ASSIGNMENT ▸ Drop the pictures, then extract the listing word for word.

----------

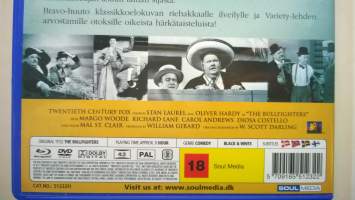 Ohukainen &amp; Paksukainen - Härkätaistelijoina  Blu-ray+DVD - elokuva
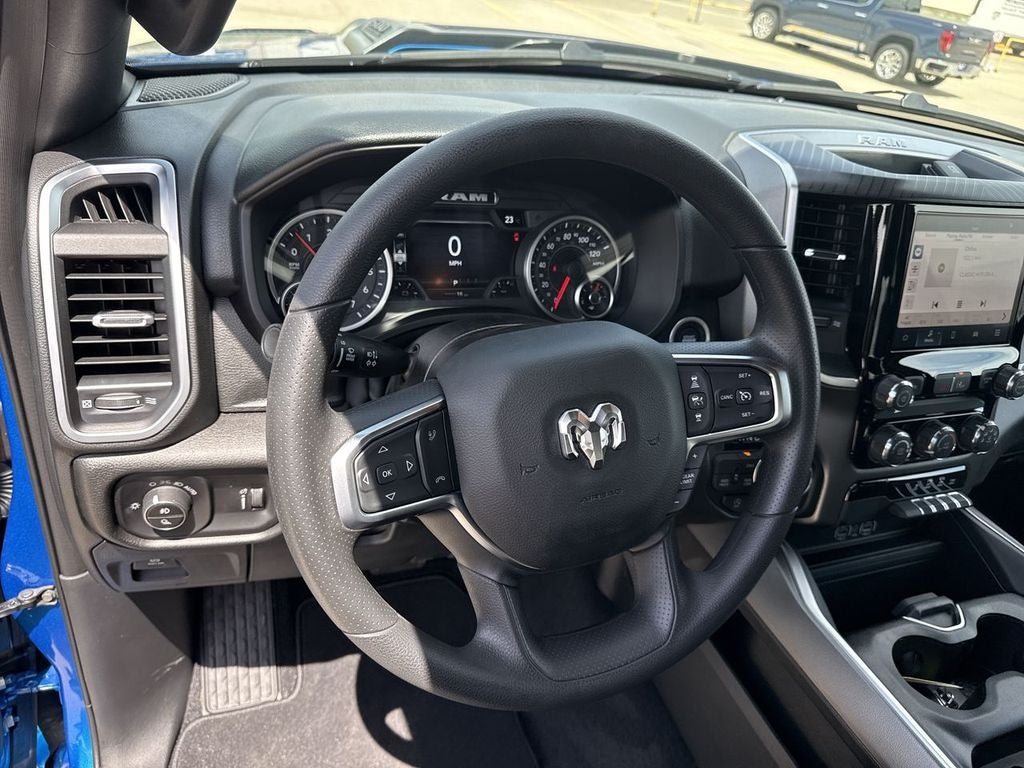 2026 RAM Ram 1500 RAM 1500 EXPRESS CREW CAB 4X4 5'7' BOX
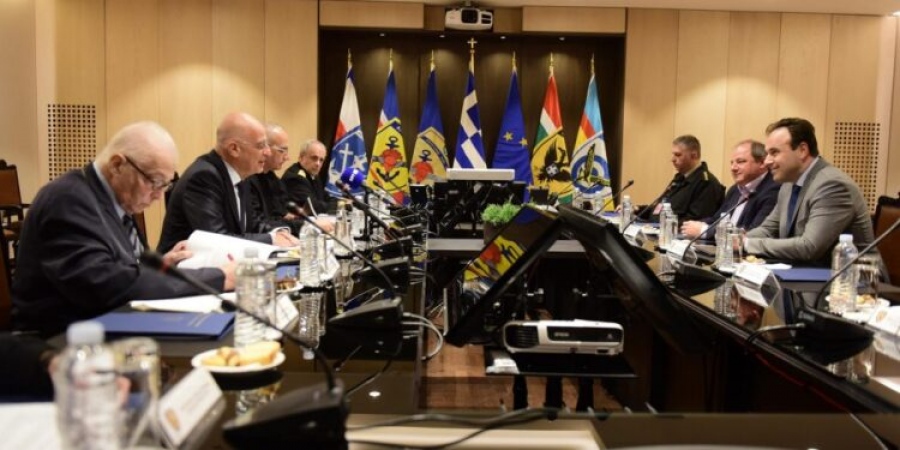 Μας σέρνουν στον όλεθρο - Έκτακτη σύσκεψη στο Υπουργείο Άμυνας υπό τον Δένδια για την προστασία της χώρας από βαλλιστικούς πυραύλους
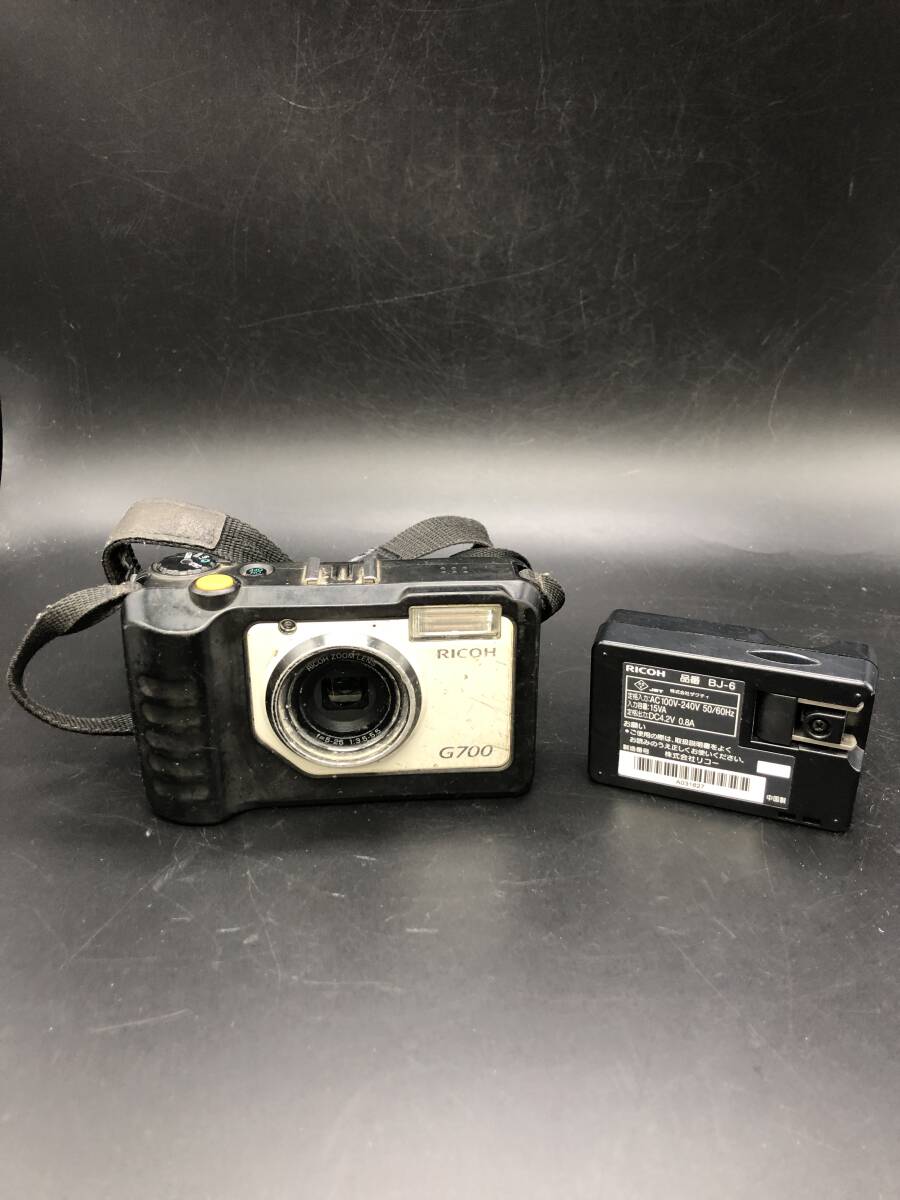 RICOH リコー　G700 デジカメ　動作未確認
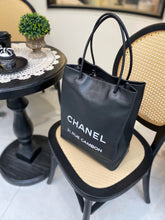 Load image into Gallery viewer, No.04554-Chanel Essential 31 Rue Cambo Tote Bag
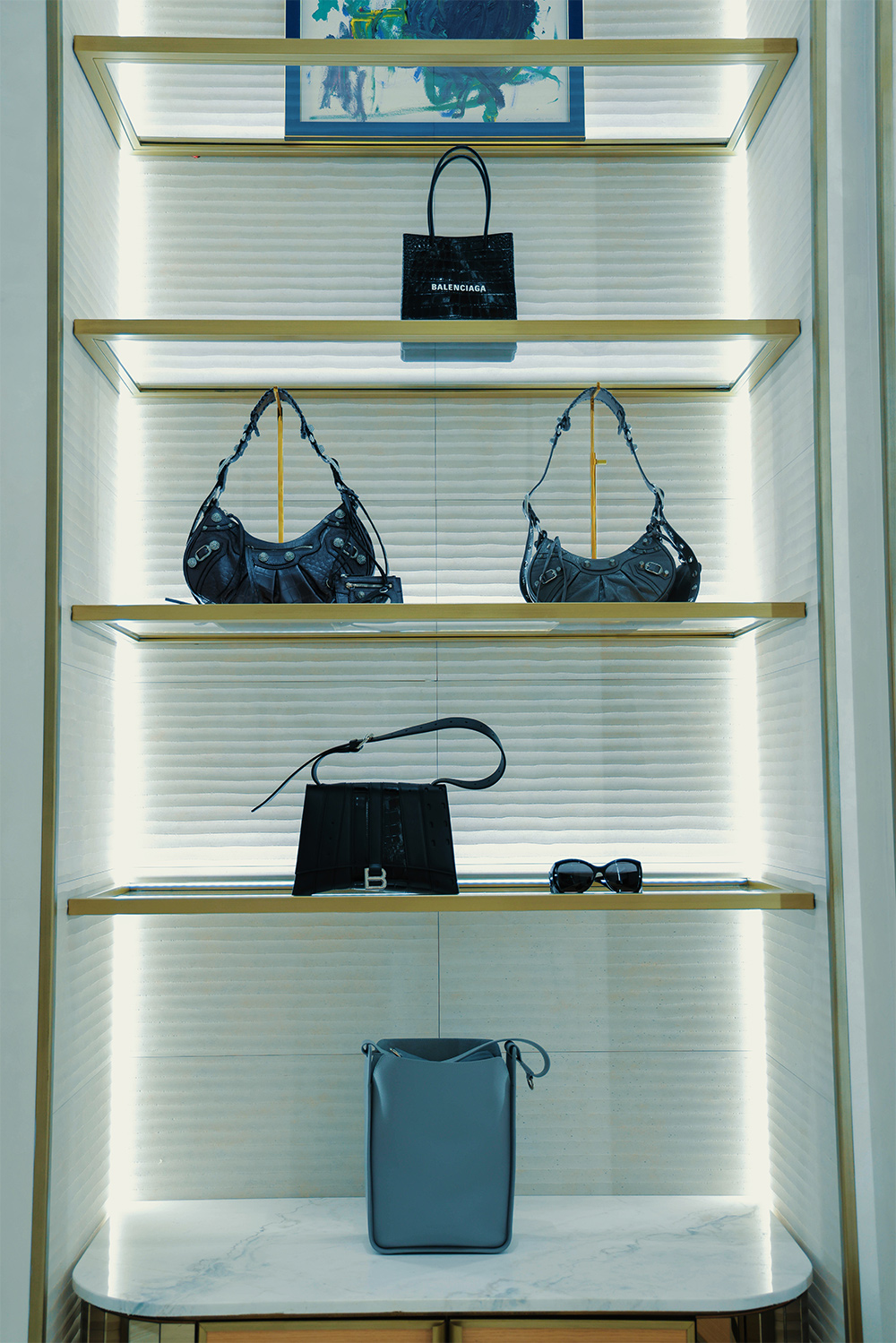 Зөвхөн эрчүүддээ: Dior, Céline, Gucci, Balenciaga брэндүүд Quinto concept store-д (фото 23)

----------

SOLUTION ▸
 Ohukainen &amp; Paksukainen - Härkätaistelijoina  Blu-ray+DVD - elokuva
 2026 RAM Ram 1500 RAM 1500 EXPRESS CREW CAB 4X4 5'7' BOX
 Μας σέρνουν στον όλεθρο - Έκτακτη σύσκεψη στο Υπουργείο Άμυνας υπό τον Δένδια για την προστασία της χώρας από βαλλιστικούς πυραύλους
 RICOH リコー　G700 デジカメ　動作未確認
 Load image into Gallery viewer, No.04554-Chanel Essential 31 Rue Cambo Tote Bag
 Зөвхөн эрчүүддээ: Dior, Céline, Gucci, Balenciaga брэндүүд Quinto concept store-д (фото 23)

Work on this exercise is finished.